■ **Instructions for the task**
Could you output the listing that follows exactly, without its images?

■ **Given data**
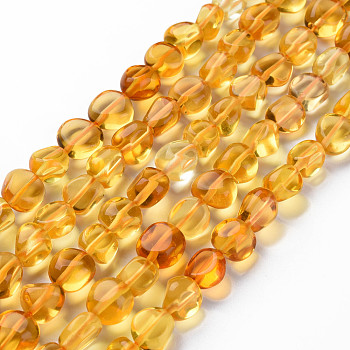 Natural Citrine Beads Strands, Nuggets, Tumbled Stone, Dyed & Heated, Grade A, 10~20x5~12x4~10mm, Hole: 1mm, about  35~45 pcs/Strand, 15.35~16.14 inch(39~41cm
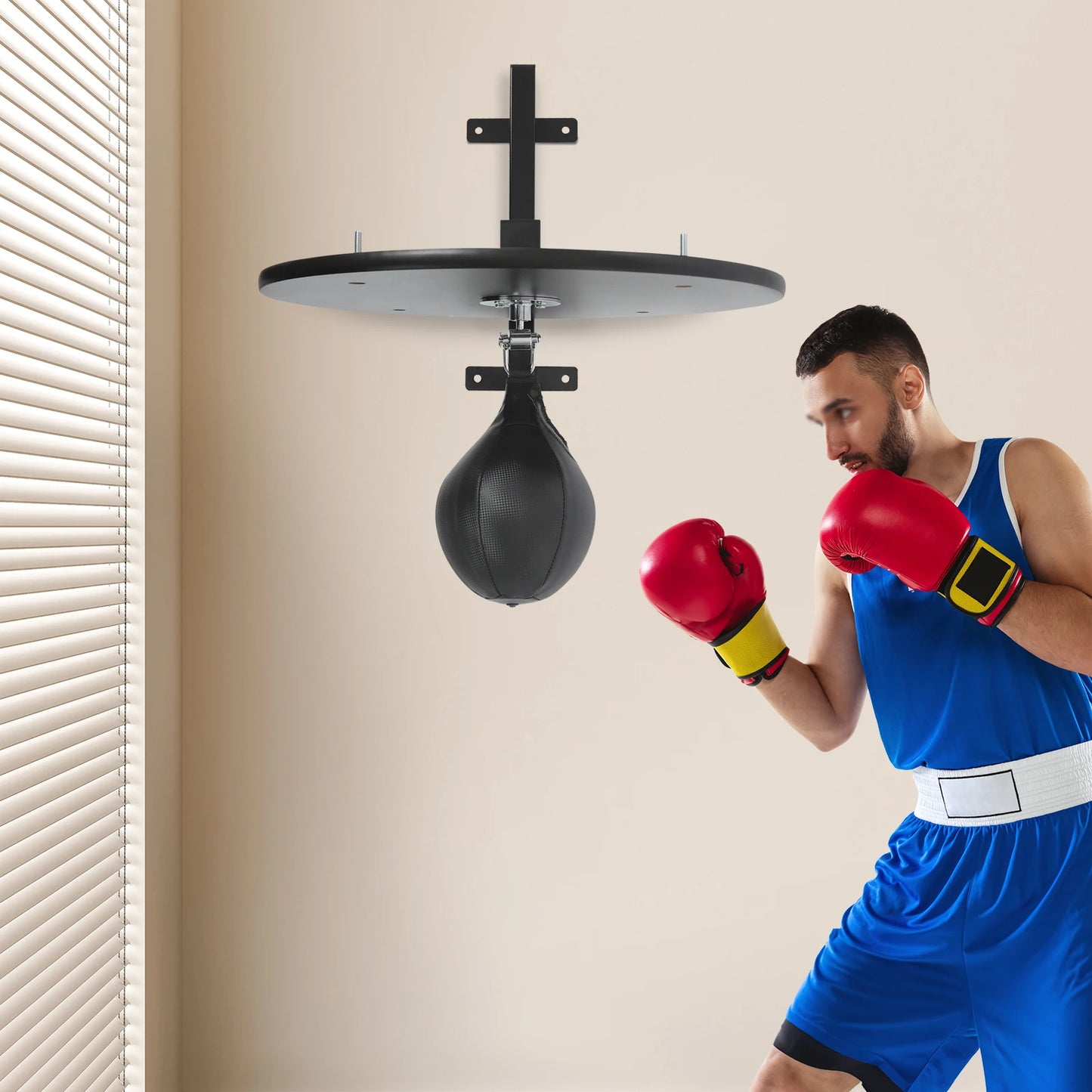 360 Degree Rotatable Speed Bag Platform Kit Heavy Duty Boxing Training Equipment with Punching Ball Black Log Color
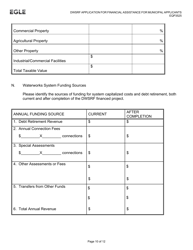 Form EQP3525 Drinking Water State Revolving Fund (Dwsrf) Application for Financial Assistance for Municipal Applicants - Michigan, Page 10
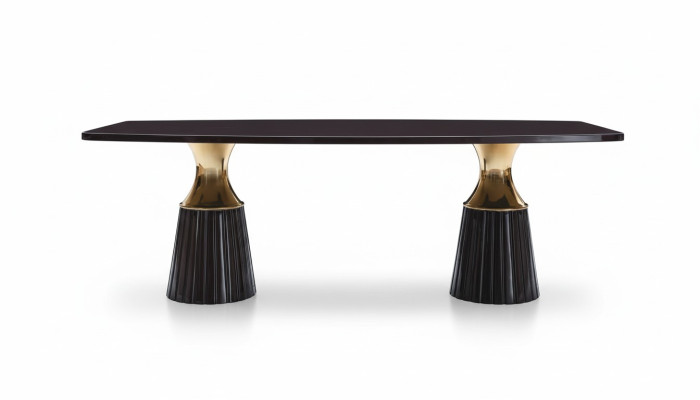 Table de salle à manger Table à manger Table Table en bois noir Salle à manger Design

■ **Finished exercise**
 Natural Citrine Beads Strands, Nuggets, Tumbled Stone, Dyed & Heated, Grade A, 10~20x5~12x4~10mm, Hole: 1mm, about  35~45 pcs/Strand, 15.35~16.14 inch(39~41cm
 360 Degree Rotatable Speed Bag Platform Kit Heavy Duty Boxing Training Equipment with Punching Ball Black Log Color
 Form EQP3525 Drinking Water State Revolving Fund (Dwsrf) Application for Financial Assistance for Municipal Applicants - Michigan, Page 10
 Table de salle à manger Table à manger Table Table en bois noir Salle à manger Design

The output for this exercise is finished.